_Assigned task_. Type out all the records word for word. Any pictures are to be left out.

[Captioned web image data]
##########
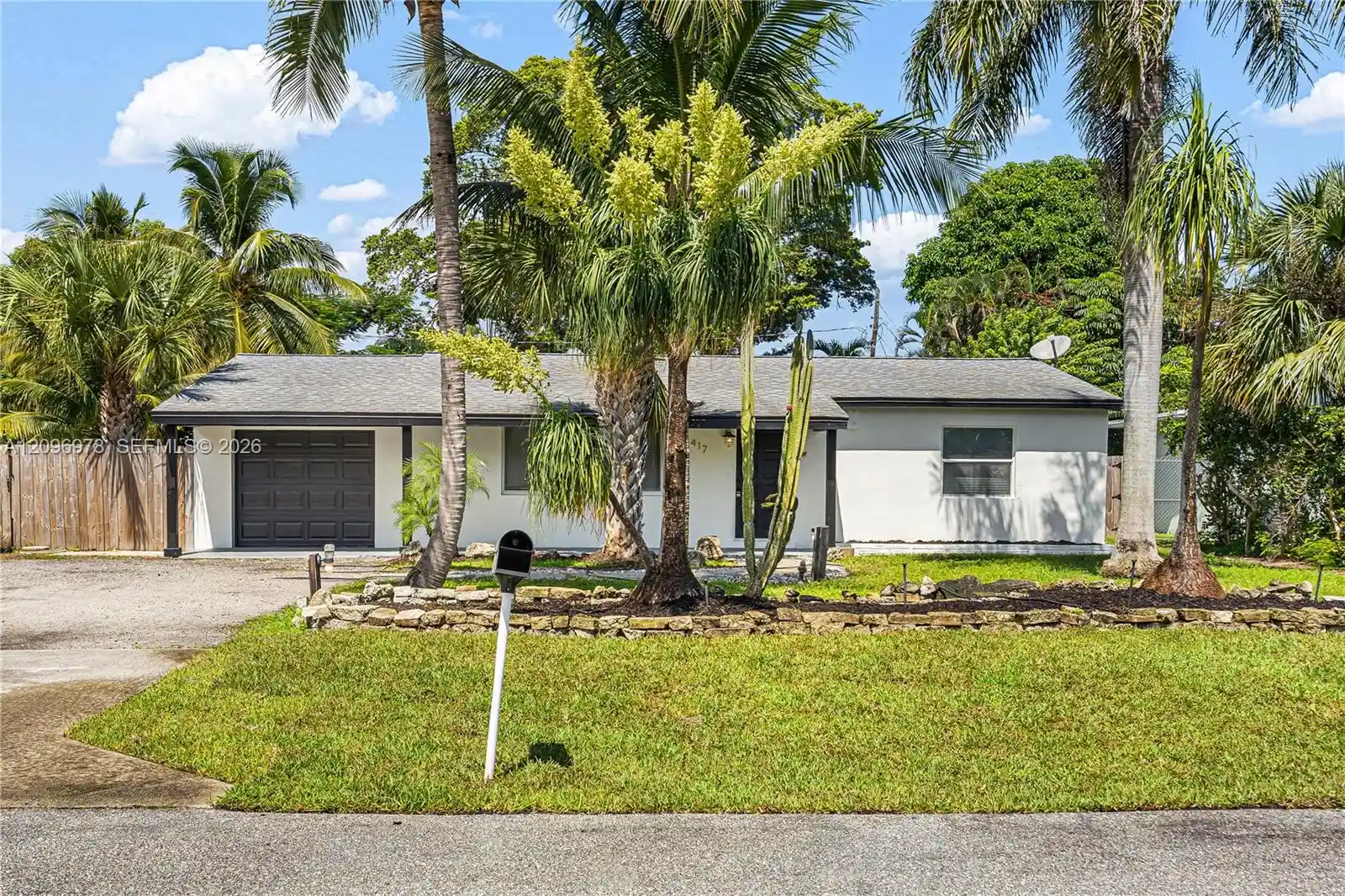 Photo 1 of Single family home for sale at 417 Sw 1st Avenue, Boynton Beach, FL 33435 | MLS# A12096978 | Listing updated on 2026-10-27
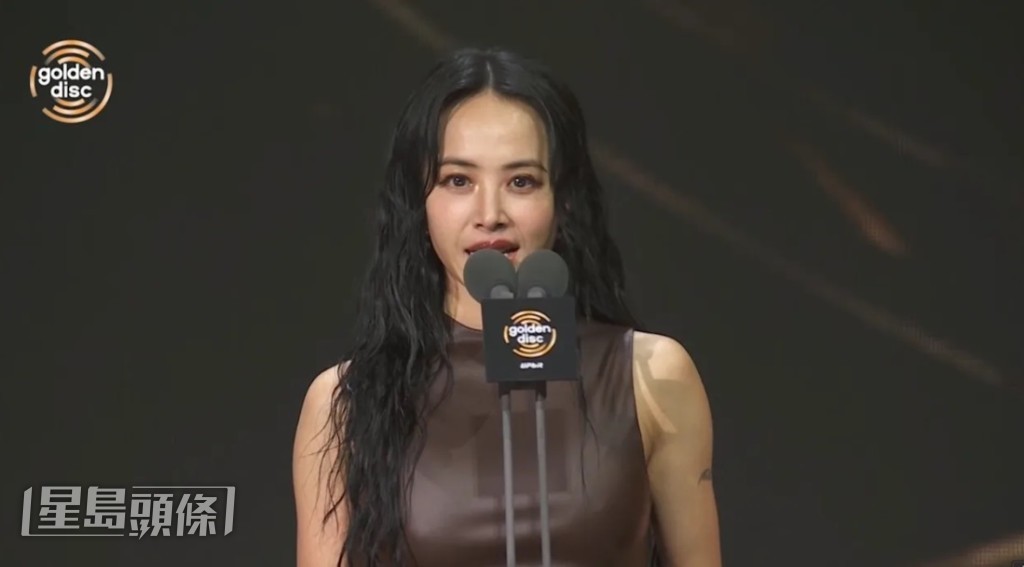 蔡依林應邀任頒獎嘉賓，更在台上大晒流利中英韓語。（網上截圖）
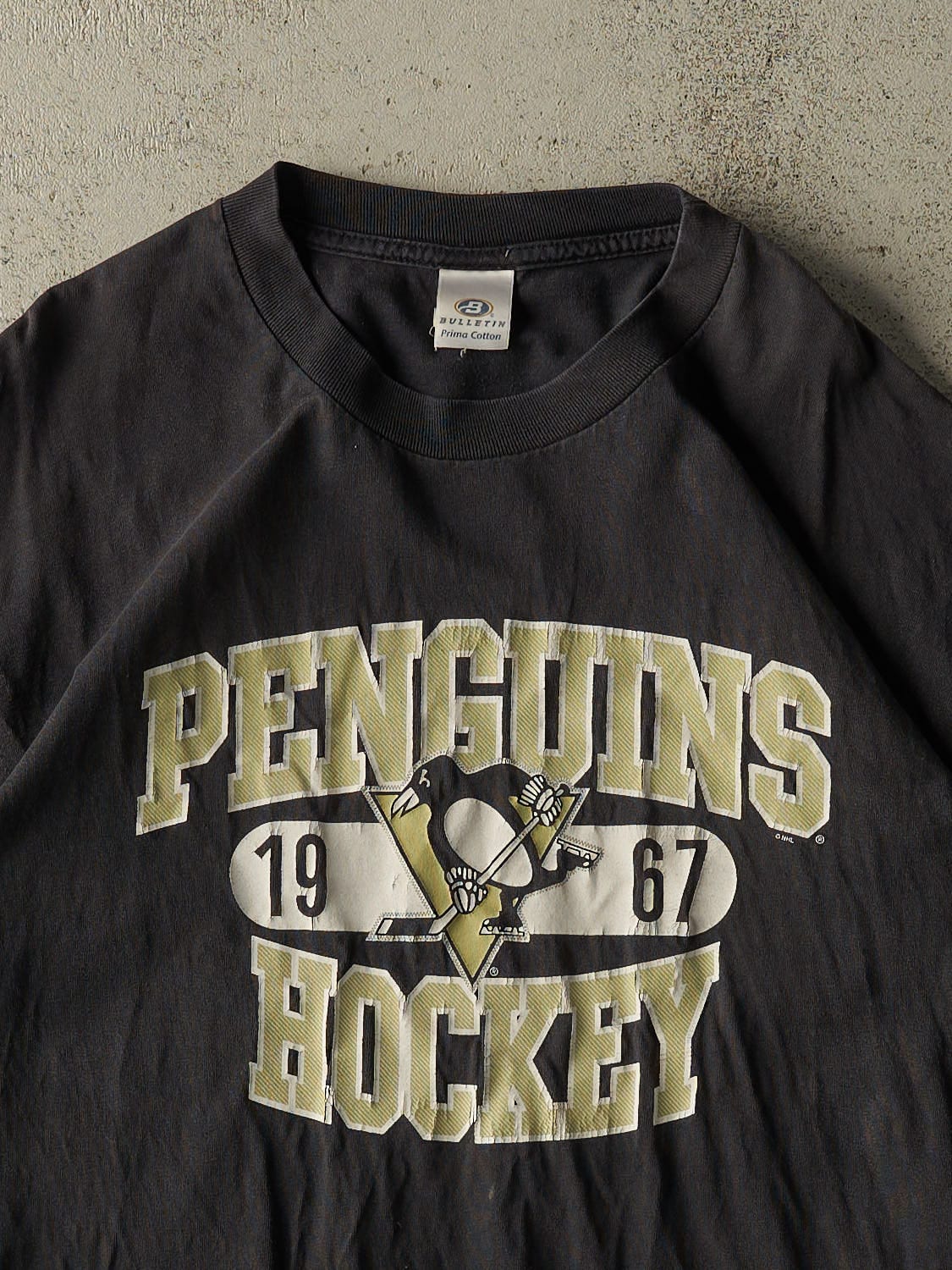 Vintage Y2K Black Pittsburgh Penguins Tee (L/XL) - Image 2
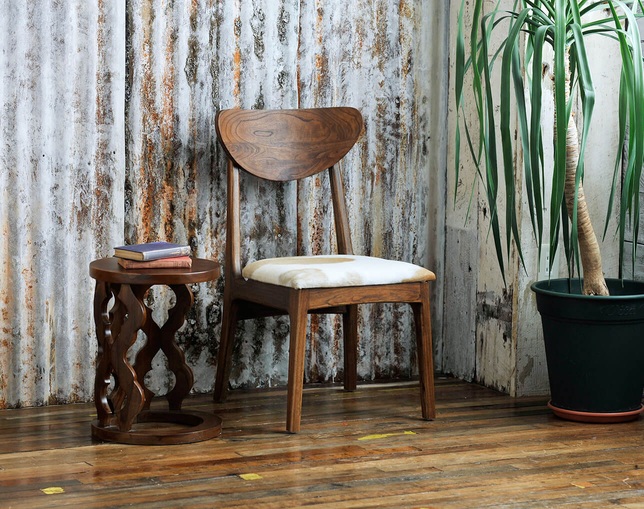 asri(アスリー) Carved Side Table-Setの写真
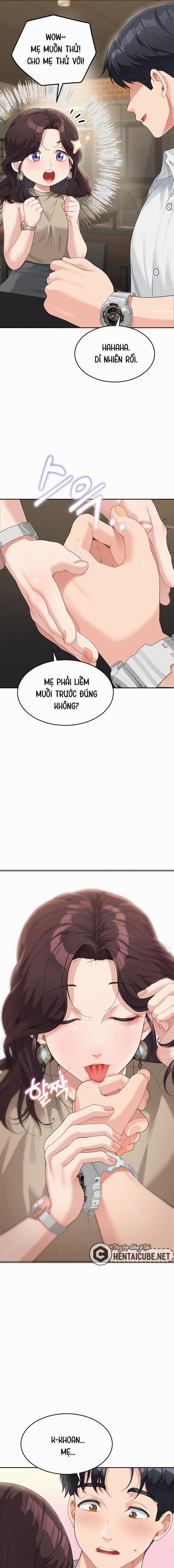 Là mẹ hay chị? 8 trang 17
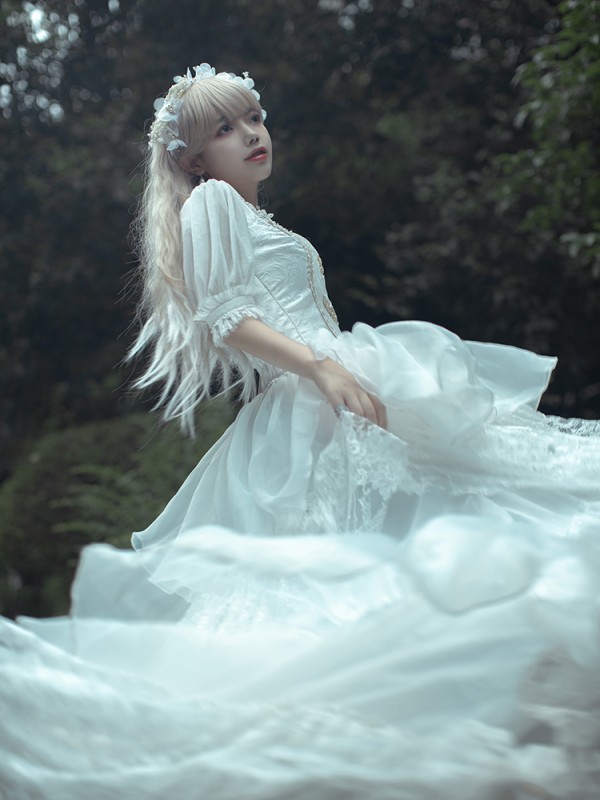 Snow Song Elegant Vintage Wedding One-piece Snow Song Elegant Vintage Wedding One-piece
##########
_Response to this exercise_.
 Photo 1 of Single family home for sale at 417 Sw 1st Avenue, Boynton Beach, FL 33435 | MLS# A12096978 | Listing updated on 2026-10-27
 蔡依林應邀任頒獎嘉賓，更在台上大晒流利中英韓語。（網上截圖）
 Vintage Y2K Black Pittsburgh Penguins Tee (L/XL) - Image 2
 asri(アスリー) Carved Side Table-Setの写真
 Là mẹ hay chị? 8 trang 17
 Snow Song Elegant Vintage Wedding One-piece Snow Song Elegant Vintage Wedding One-piece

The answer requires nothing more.